As luzes eram das almas de dois almocreves que se mataram um ao outro ali
mesmo, onde existe a tal capela. A caminho das festas do Viso, montanha acima,
dá uma sede danada. Pois lá está a capela, e nem um cano de água para matar a
sede dos peregrinos que vão à festa. Para mim, aplicaram equivocadamente o
dinheiro ou da igreja, ou do povo que a construiu. Deve ser herança celta,
estas crenças, porque também havia uma casa no “largo do senhor” que diziam,
era habitada por um fantasma não sei de que sexo. Parece que era masculino, o
fantasma. Nunca o vi também, nem ouvi os passos com grilhões de ferros
amarrados nos pés que outras crianças da aldeia diziam ouvir. Não posso deixar
de referenciar Mark Twain e seus pequenos e simpáticos personagens, Tom Sawyer
e Huckleberry Finn que também passaram por essa prova da existência de fantasmas.
Não há fantasmas. Nem extraterrestres.
Essas idéias saíram da imaginação de
gente muito interessante, que decidiram criar medo nos outros, até como
diversão. E vampiros? Claro que não existem vampiros. “Morreu, tchau e benção”.

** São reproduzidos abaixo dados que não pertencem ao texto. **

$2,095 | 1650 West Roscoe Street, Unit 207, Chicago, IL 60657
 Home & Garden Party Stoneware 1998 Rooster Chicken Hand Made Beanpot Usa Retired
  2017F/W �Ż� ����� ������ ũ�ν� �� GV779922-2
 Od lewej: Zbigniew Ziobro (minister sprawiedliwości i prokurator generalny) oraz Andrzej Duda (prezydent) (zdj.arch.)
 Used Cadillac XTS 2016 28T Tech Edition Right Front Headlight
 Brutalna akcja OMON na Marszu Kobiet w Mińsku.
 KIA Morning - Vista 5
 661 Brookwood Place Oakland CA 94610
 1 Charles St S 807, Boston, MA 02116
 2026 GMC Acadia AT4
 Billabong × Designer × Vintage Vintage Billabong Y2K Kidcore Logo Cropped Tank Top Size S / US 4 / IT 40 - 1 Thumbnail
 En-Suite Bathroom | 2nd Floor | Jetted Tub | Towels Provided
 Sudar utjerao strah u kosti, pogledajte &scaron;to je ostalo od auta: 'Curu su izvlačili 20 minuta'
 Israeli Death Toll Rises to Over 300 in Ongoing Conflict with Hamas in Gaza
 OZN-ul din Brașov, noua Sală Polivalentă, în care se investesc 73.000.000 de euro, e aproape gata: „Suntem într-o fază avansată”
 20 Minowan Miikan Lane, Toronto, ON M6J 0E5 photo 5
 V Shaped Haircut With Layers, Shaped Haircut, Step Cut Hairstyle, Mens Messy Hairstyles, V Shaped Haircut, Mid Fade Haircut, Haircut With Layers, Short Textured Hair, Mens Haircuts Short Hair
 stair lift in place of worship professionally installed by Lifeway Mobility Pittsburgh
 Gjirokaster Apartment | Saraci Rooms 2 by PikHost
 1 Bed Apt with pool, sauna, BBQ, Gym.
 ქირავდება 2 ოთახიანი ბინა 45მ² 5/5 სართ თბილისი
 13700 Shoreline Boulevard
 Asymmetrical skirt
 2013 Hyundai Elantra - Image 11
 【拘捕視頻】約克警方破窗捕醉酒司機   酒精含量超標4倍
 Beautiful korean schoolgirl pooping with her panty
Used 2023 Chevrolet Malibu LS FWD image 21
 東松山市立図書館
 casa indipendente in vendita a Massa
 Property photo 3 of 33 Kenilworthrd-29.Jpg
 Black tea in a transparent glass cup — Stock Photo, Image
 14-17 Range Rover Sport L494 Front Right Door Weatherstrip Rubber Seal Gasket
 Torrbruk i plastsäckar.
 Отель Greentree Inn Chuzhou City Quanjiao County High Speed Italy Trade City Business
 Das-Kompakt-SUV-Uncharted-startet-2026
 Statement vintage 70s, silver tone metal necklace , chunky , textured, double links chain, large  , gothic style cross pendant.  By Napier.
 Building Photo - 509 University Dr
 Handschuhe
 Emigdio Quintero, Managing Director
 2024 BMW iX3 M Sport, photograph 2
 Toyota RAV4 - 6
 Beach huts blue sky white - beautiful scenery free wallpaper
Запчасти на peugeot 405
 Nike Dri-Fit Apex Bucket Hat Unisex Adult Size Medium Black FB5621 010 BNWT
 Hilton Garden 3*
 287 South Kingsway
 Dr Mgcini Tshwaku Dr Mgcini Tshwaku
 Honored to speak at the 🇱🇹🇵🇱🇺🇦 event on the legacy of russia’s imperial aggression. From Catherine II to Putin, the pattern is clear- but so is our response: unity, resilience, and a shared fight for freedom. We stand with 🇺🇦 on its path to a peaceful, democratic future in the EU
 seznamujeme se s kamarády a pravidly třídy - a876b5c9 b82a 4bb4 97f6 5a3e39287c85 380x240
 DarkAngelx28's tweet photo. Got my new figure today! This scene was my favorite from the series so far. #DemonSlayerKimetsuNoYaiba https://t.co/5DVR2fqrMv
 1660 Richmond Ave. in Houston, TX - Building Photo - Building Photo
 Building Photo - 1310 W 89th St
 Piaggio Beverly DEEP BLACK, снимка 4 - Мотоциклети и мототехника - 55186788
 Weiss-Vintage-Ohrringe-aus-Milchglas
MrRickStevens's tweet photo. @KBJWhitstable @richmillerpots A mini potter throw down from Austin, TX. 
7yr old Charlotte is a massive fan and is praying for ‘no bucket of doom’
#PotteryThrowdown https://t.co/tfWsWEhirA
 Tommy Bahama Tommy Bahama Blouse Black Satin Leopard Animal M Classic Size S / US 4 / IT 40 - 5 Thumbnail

Um amigo meu que morava na cidade e foi de férias à minha terra, nunca tinha
visto a vida no campo e o leite era ainda engarrafado, se lhe falassem numa
vaca que dava leite diria que vacas eram de vidro, redondas e tinham tampa.
Chegaram ao entardecer e depois de jantar e uma conversa, fomos dormir com a
recomendação de rezar ao anjo da guarda. Claro que lhe perguntei se tinha visto
algum, e disse-lhe o que todos diziam: Que tinham asas com penas brancas. No
dia seguinte logo pela manhã, uma algazarra, e lá vem o garoto gritando: Peguei
um anjo, peguei um anjo!... Era a Matilde, uma galinha branca que tínhamos no
quintal em meio a outros “anjos” de penas. Tal é a crença nos anjos da guarda.
Mas, como crenças são crenças, cada um tem a sua. Mas tive sim, dentre outros,
um anjo da guarda chamado Zé. Simplesmente Zé. Não era meu empregado, nunca lhe
fiz favor nenhum. Ele se ofereceu para ser meu segurança na obra. Ele e mais
vinte, pelo que me disse. Perguntei-lhe porquê. Disse-me que era pela forma
como eu tratava o pessoal. Para ele e os outros não custava nada. Obra é um
lugar perigoso onde tanto se arranjam amigos como inimigos.
E muitas vezes por
absolutamente nada. Nunca soube porque o elevador de obra caiu num sábado do
sétimo andar até o primeiro subsolo, e assim mesmo porque logo que começou a
despencar éramos dois a puxar o freio que estava por cima de nossas cabeças.
Não foi o Zé que me cuidou, fomos dois puxando o freio. Se houve ou não
intenção, nem quero saber, mas passei a evitar o elevador. Nem foi demônio
macho ou demônio fêmea que fez soltar o cabo. Subia pelas escadas e isso me deu
condicionamento físico excelente. Vinte e sete andares todos os dias várias
vezes ao dia. Deu-me também mais um incentivo a meu espírito de programação:
para evitar subir mais vezes ainda, programava tudo o que tinha que fazer em
cada viagem antes e depois do almoço. As outras eram de emergência.